Secondo has embarked upon a science project venture, and it has been a bit rocky.

The first attempt was a bust. Only four seeds sprouted, out of 35 planted. This only seemed to prove that the seeds may have been a faulty batch, hardly the stuff upon which awards are bestowed.

Back to the beginning, with a different brand of seed.

The experiment has something to do with the effect of different fertilizers, and one of the fertilizers he ended up using was Fish Fertilizer.



If you have never smelled this stuff, imagine 1,000 decaying and putrifying fish. Liquified. Then condensed. Add a couple of batches of human vomit just to tune up the smell a bit.

I am sure that it is great for your plants, but I can attest that it is not so great for your nose. Did I mention the experiment is being done in our basement?

Last night I was summoned to the basement by an angry shout that could only mean one thing; he had made a mess, and I was expected to clean it up, because that's the way the world works when you are a fifteen year old boy. Our laundry is in our basement, and the folding table is next to the plant grow lights, and...

Yup.

Fish fertilizer all over clean clothes, when he smacked the bottle against the folding table to dislodge a clog.
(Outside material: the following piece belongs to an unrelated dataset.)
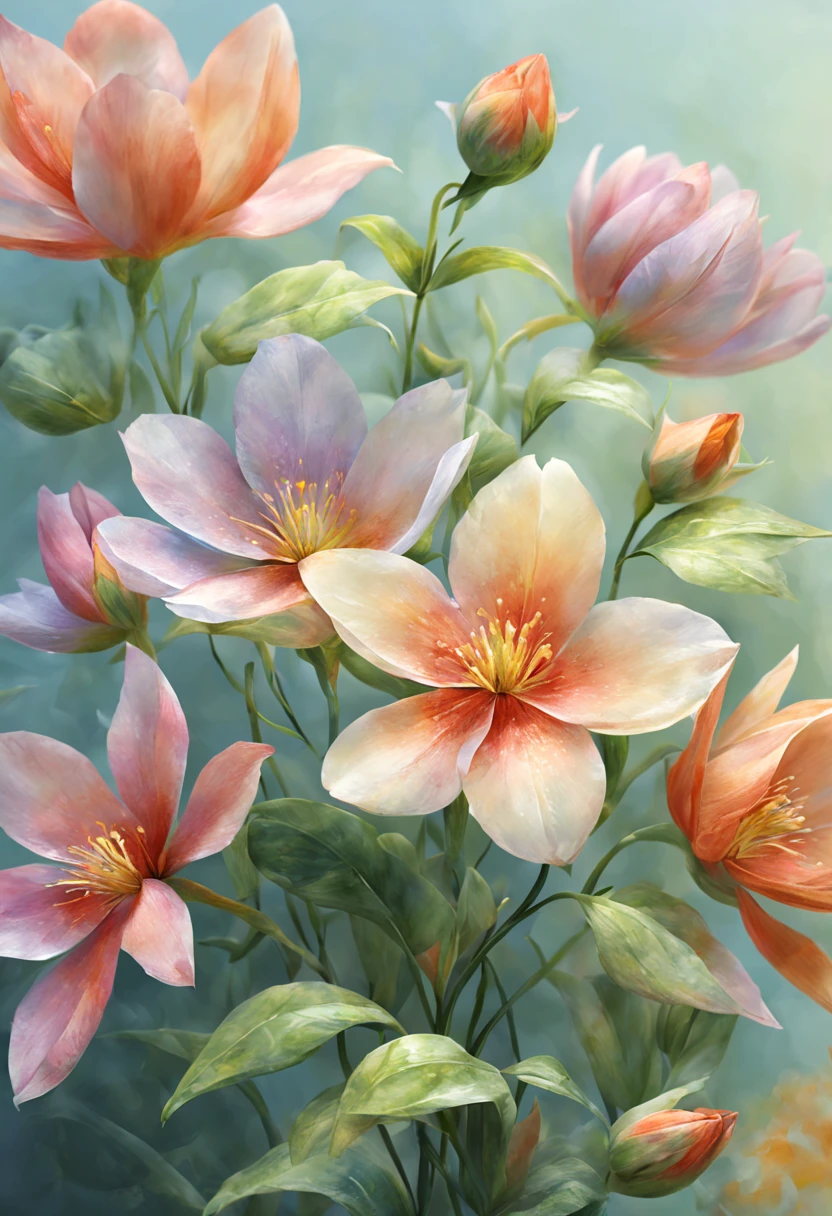 (best quality, 4k, 8k, high resolution, masterpiece: 1.2), ultra detailed, (realistic, photorealistic, photorealistic: 1.37),watercolor flowers painting,vibrant colors,soft and delicate petals,subtle brushstrokes,detailed leaves and stems,beautifully blended colors,realistic water reflections,tranquil garden setting,natural lighting,nature-inspired artwork,botanical illustration,aesthetic composition,expressive brushwork,medium-sized canvas,professional artistry,artistic creativity,artistic finesse,impressionistic style,harmonious color palette,textured paper background,evokes a sense of serenity and beauty,visually captivating masterpiece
Despite my best attempts to clean it up, the nauseating odor of fish fertilizer still permeates the air. I get to spend plenty of time smelling it, too. Now I am worried that all my time down there has made my nose immune to the stench, and we are all going to be walking around smelling like a vomitorium, and we will have no idea. A scene straight out of Sponge Bob, and while Something Smells is one of my favorite episodes, I sure wish I wasn't living it.

1 comment:

  1. Um... perfect time to teach the young'uns to do their own laundry! That will give you more time for knitting!